# Removing Auger and Driveshaft Assembly



## CaffeineTripp (Nov 13, 2013)

Having a bit of a problem removing the augers and the driveshaft assembly (from gear case to where the pulleys were mounted) on the Gilson 476A. I've follow most of the procedures here, but had to skip some. I removed the transmission, wheels, and whole underside case as one unit since the wheels would not come off. I doubt they've ever been taken off as they are quite rusted on.

The drive friction pulley and auger pulley have been removed and the whole assembly will move about a 1/4" forward and backward from the barrel, but will not come free. I removed the two bolts and plate that were connected to the backside of the auger case around the impeller shaft.


----------



## Shryp (Jan 1, 2011)

I am not familiar with Gilsons, but I would think maybe your bearing that sits between the impeller and the pulley is getting hung up on the shaft? You might need to cut it off and replace it.


----------



## CaffeineTripp (Nov 13, 2013)

Shryp said:


> I am not familiar with Gilsons, but I would think maybe your bearing that sits between the impeller and the pulley is getting hung up on the shaft? You might need to cut it off and replace it.


You are correct! Any idea about how to get it off? Pulley puller? Special tool? Also noticed that there's a circlip behind the front shaft bearing, I'll have to wait until I get more of the points as the ones I have are much too large for the holes on the circlip. There's always something, yeah?


----------



## Shryp (Jan 1, 2011)

I just took an Ariens apart last week and used an angle grinder, hammer and screwdriver on that bearing. The bearing was a little noisy and I knew I could get another one so I just cut it off.


----------



## Spectrum (Jan 6, 2013)

CaffeineTripp said:


> Having a bit of a problem removing the augers and the driveshaft assembly (from gear case to where the pulleys were mounted) on the Gilson 476A. I've follow most of the procedures here, but had to skip some. I removed the transmission, wheels, and whole underside case as one unit since the wheels would not come off. I doubt they've ever been taken off as they are quite rusted on.
> 
> The drive friction pulley and auger pulley have been removed and the whole assembly will move about a 1/4" forward and backward from the barrel, but will not come free. I removed the two bolts and plate that were connected to the backside of the auger case around the impeller shaft.
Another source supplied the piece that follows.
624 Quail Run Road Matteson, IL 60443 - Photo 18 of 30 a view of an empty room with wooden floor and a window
That's a classic Gilson Unitrol.

It sounds like you are down to the home stretch. Have you removed the eccentric collar from the bearing? Have you removed the auger support bearings up front?
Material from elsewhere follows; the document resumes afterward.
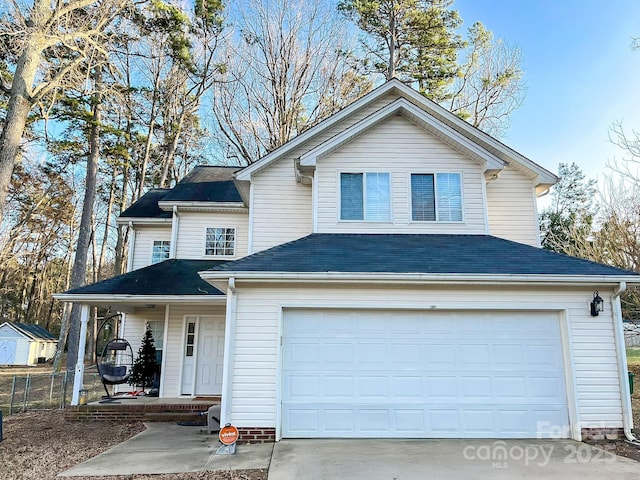 view of front of property featuring a garage and covered porch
With all that done it's all about getting the bearing to move or removing it. Dress the shaft to remove any setscrew divots or key way deformation. That way if you get it moving it has a clear shot. You need to do this for reassembly anyhow.

If you put some wood blocks under the auger and put the chassis up on its nose you can get the bearing to rise a little. Depending on tolerance of your unit a pickle fork may get it moving.

If that does not do it move straight to precision destruction. An air hammer or drift / cold chisel & striking hammer can shatter the outer race of the bearing. Wear safety glasses! With that off it will slide right out. If the inner race is still hanging tight grind it free with a disc grinder. Think like trimming sideburns.

Above all, do no harm.

Pete


----------



## Spectrum (Jan 6, 2013)

CaffeineTripp said:


> Also noticed that there's a circlip behind the front shaft bearing.


Really? I'm not picturing this.


----------



## CaffeineTripp (Nov 13, 2013)

Spectrum said:


> Really? I'm not picturing this.


I'll see if I can snag a picture of it this afternoon. Maybe I'm not describing where it is correctly? Anyway, I'll get a picture of it.

Thank you for all the help!


----------



## greatwhitebuffalo (Feb 11, 2014)

Gilsons are built tough, very thick metal and cast, and very durable machines. the super-dreadnoughts of snowblowers.
but they don't come apart as easily as other makes. most likely because being so durable, they run a lot longer before needing service, by that time everything is rusted fast.
the shafts are also of a lesser hardness metallurgy than an Ariens or Cadet, and will bend easier if the machine ingests a rock or newspaper. So proceed with caution.


----------